EXERCISE INPUT
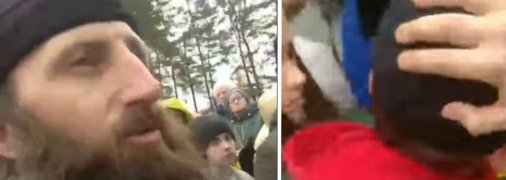 Священник і побита дитина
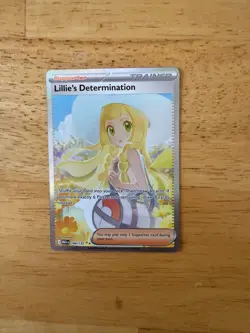 Lillie’s Determination SIR 184/132 Secret Rare Pokemon Card (Mega Evolution) - Image 1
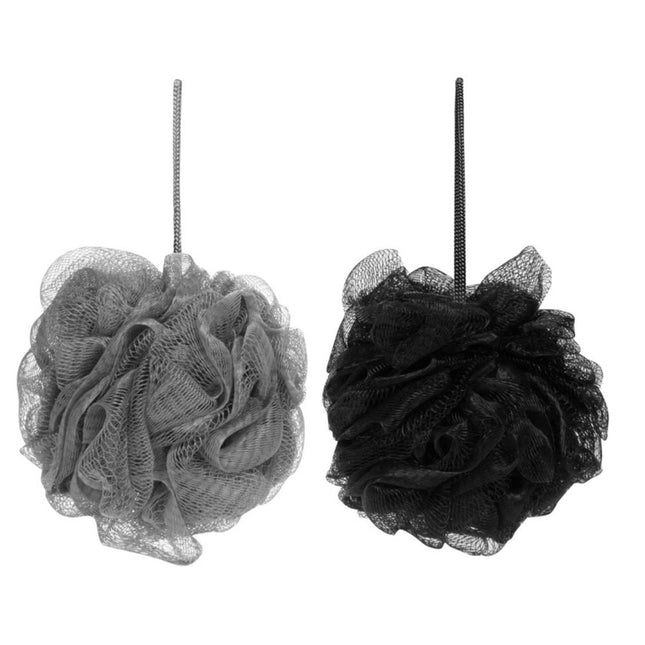 cala-jumbo-bath-puffs-grey-black-2pcs-2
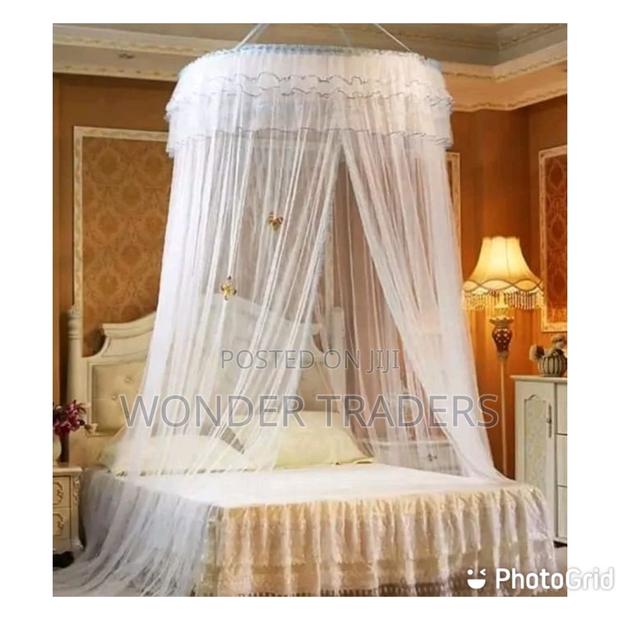 Round Hanging Mosquito Net - Purple - main view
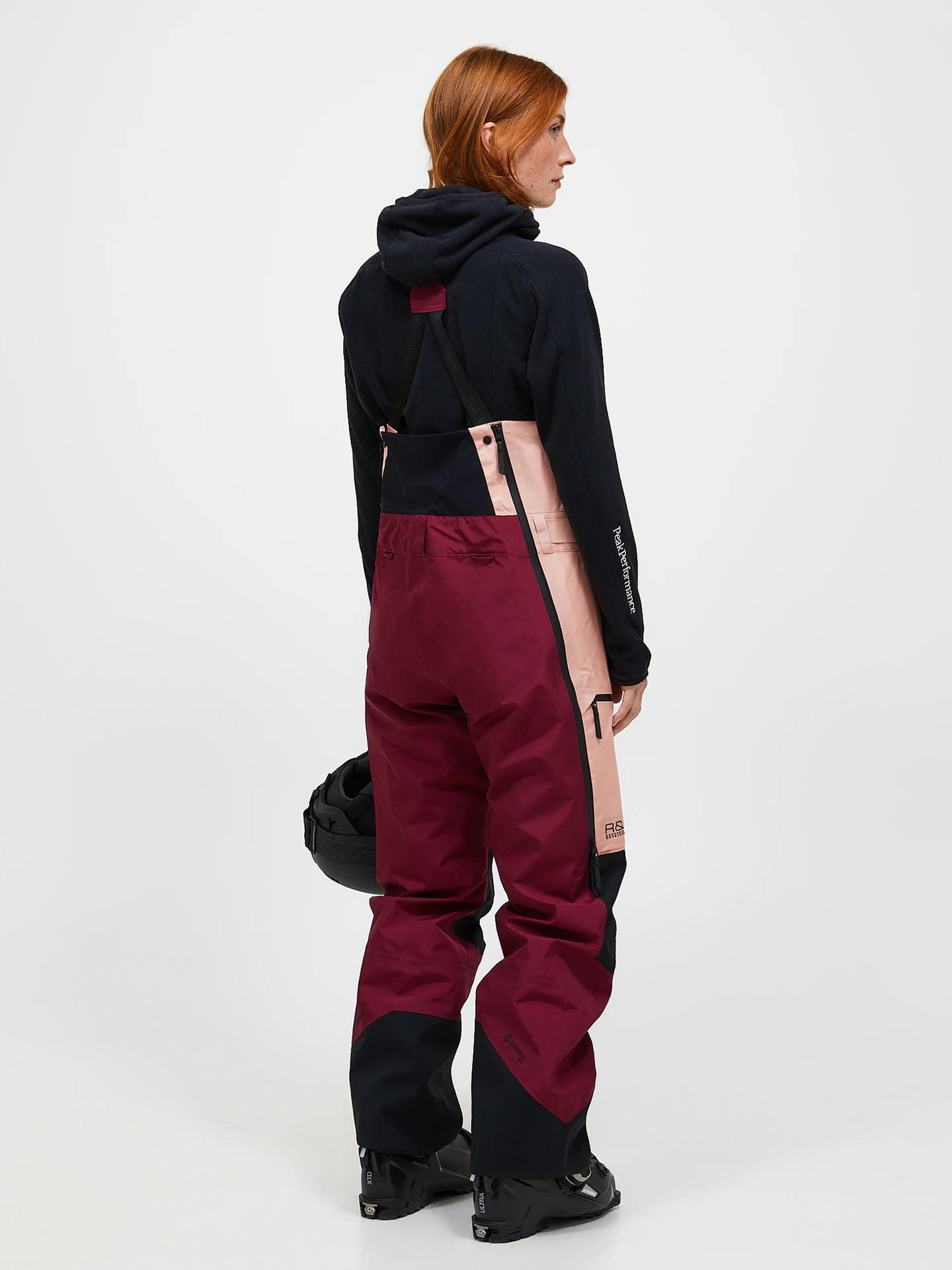 VERTICAL GORE-TEX PRO 3L SHELL BIB PANTS WOMEN PEACH FUZZ (P63) / VERTICAL ZENITH (R32)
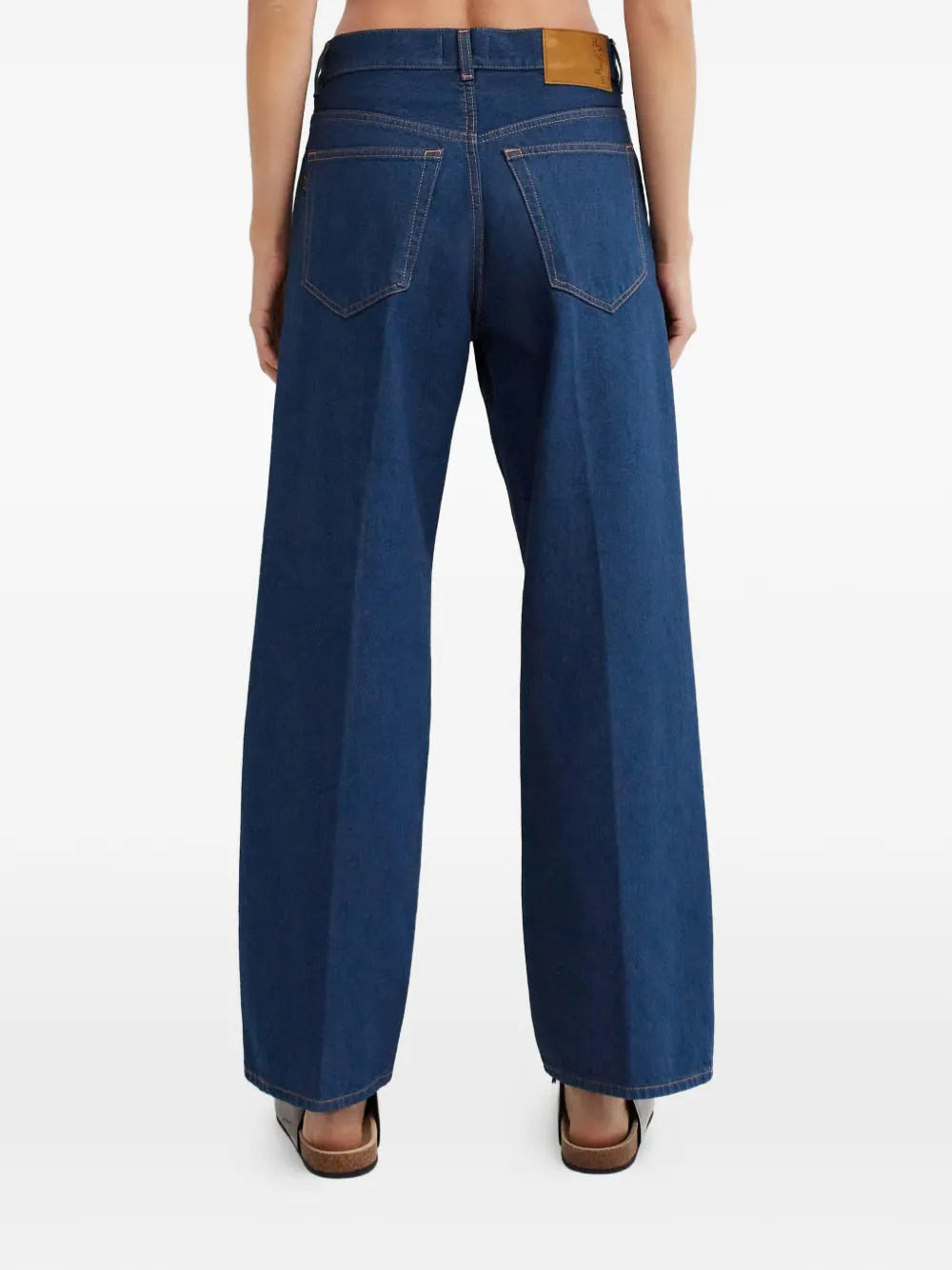 Haikure Bonnie jeans met vijf zakken Blauw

WHAT YOU WILL DO
Copy the entries above verbatim. Pictures do not belong in the copy.

OUTPUT OF THE TASK
 Священник і побита дитина
 Lillie’s Determination SIR 184/132 Secret Rare Pokemon Card (Mega Evolution) - Image 1
 cala-jumbo-bath-puffs-grey-black-2pcs-2
 Round Hanging Mosquito Net - Purple - main view
 VERTICAL GORE-TEX PRO 3L SHELL BIB PANTS WOMEN PEACH FUZZ (P63) / VERTICAL ZENITH (R32)
 Haikure Bonnie jeans met vijf zakken Blauw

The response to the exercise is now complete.